Tell me, what’s making you happy these summer days? Are you in catch up mode, too?

Prosphora–All Gift

Recently I posted an open letter to prosphora bakers, asking for their help in uncovering some of the secrets of making the perfect loaf of bread for church. The discussion ran from the original post, to a stream of comments on Facebook, to a final landing place of photos on my own Facebook page. All of this was amidst a whole day of trial baking–nine loaves in all–four batches of bread–and the hopes that I might continue my learning and better my baking.

And I think what I learned most didn’t have to do with baking at all. It’s what I already knew–what I’ll always know. This kind of work, this kind of act–something destined not only for myself, but for others too, is ALL a gift. The mixing, the kneading, the prayers, the way the house fills with smells from the oven, the way the bread travels with me, from my home, to the church, to the altar…  Christ makes his home in that bread, just as he makes his home in our hearts–and that eucharistic bread is changed for us–a holy gift to us, reaching from mouth, to stomach, to our hearts.

All gift.

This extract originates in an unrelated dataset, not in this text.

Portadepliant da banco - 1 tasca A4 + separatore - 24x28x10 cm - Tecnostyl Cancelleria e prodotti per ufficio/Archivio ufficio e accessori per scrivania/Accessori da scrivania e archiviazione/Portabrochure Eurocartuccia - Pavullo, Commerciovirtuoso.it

So who cares if a few of the loaves split on the sides? Who cares if a few even split across the top?  Three good ones, that’s all Father Nicholas really needs, and the rest, if it comes out well, is simply bonus bread.

All gift. If you bake prosphora, I encourage you to enjoy each and every moment of that process. If a loaf or two come out lame, God doesn’t care, and chances are, your priest won’t either. You offer what you can and leave it at that–proceed from the kitchen to then love those around you, and leave a little more learning for the next time.

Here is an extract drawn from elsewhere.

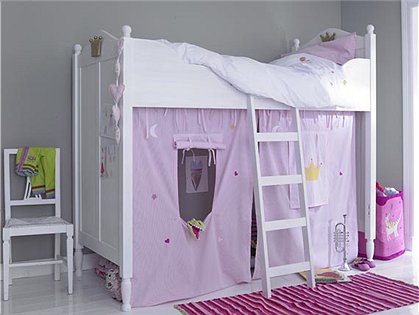 Hochbett Prinzessin aus Massivholz &#9733; Kundenbewertung "Sehr gut" &#9733; 10&euro; Rabatt für Neukunden &#9733; Schnell verschickt &#9733; Jetzt kaufen bei car-Moebel.de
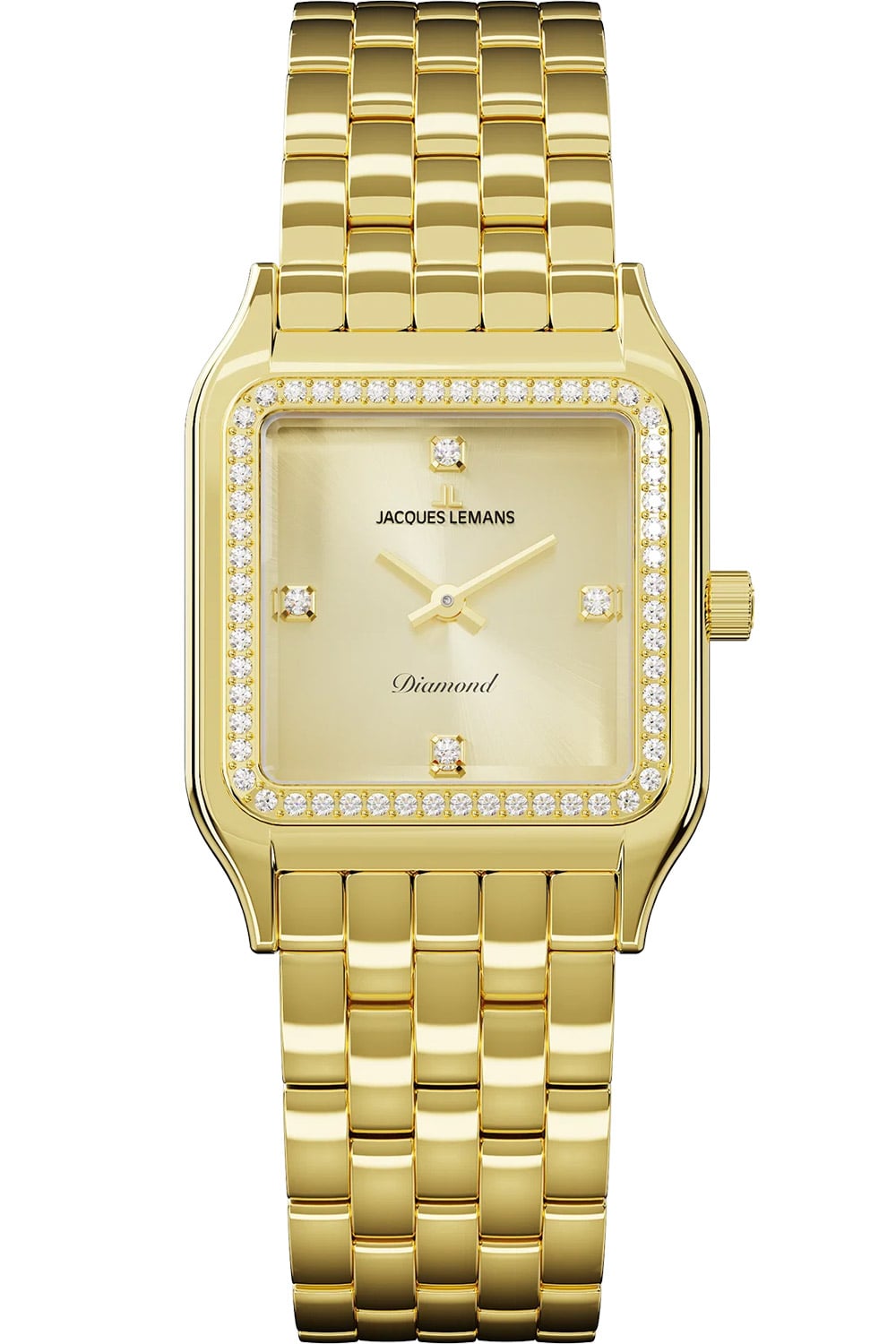 Jacques Lemans D-15C Damen-Quarzuhr Diamond Watches Goldfarben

(And by the way, the batch I made with using only a sourdough starter, instead of a commercial yeast, came out the best. I’ll be fiddling more with that in the future.)

All gift.

Cheers, my friends…

 

Sourdough Swap

My parents have moved to Santa Barbara and it’s the first time since I was eighteen that I’ve been this blessed to have these two generous and interesting people so nearby!

My mom marvels at the fact that I make jams, sew Dr Seuss shorts, and bake bread, while I marvel at the fact that she can do a crossword puzzle in about five minutes flat. She’s a whiz. The other day, because she says she wants to learn some new hobbies (she’s also taking calligraphy from Carla!), she came over and we tackled another batch of homemade kumquat marmalade together.

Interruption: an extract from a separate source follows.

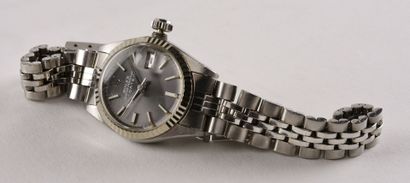 ROLEX "Lady Date" ref.6917, vers 1973 Elegant ladies' watch in steel and white gold....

Back up. We have a lovely, healthy kumquat tree in our front yard, and some years it fruits like crazy, but this year. 😦 hmmm. Nothing. So, for the second time this season I raided my neighbor’s tree. They don’t like kumquats. (Are they crazy?!!!) And I do.

I set my mom to de-seeding, while I flipped between subtraction problems with John Ronan, the laundry, and chopping cut kumquats. She’s a worker, that mom of mine. Five cups of chopped kumquat later, a cup of local honey and a bit of water and we raced to shut the doors to keep out the bees. Bees seem to know where the honey is, I’ve found, and don’t mind trying to get back that which we sneak from their hives.

I know this because four bees came into my home to inspect the pot last week during Kumquat Marmalade Number One.

Mom sliced, I chopped, and only a little while later we were ladling marmalade into jars and canning them in my big red pot.

Back up even more.

The same day as the marmalade, I baked off the MOST beautiful loaf of sourdough I have ever made. If I didn’t think it was obnoxious, I would have typed all of that in caps. I mean, beautiful. So, as my mom was leaving, after all her hard work of picking out those dastardly seeds from inside a tiny citrine fruit, I offered her my best–my most beautiful. Plus a jar of marmalade. She taught me how to share when I was just a wee one. And here I am, still working on it in her midst.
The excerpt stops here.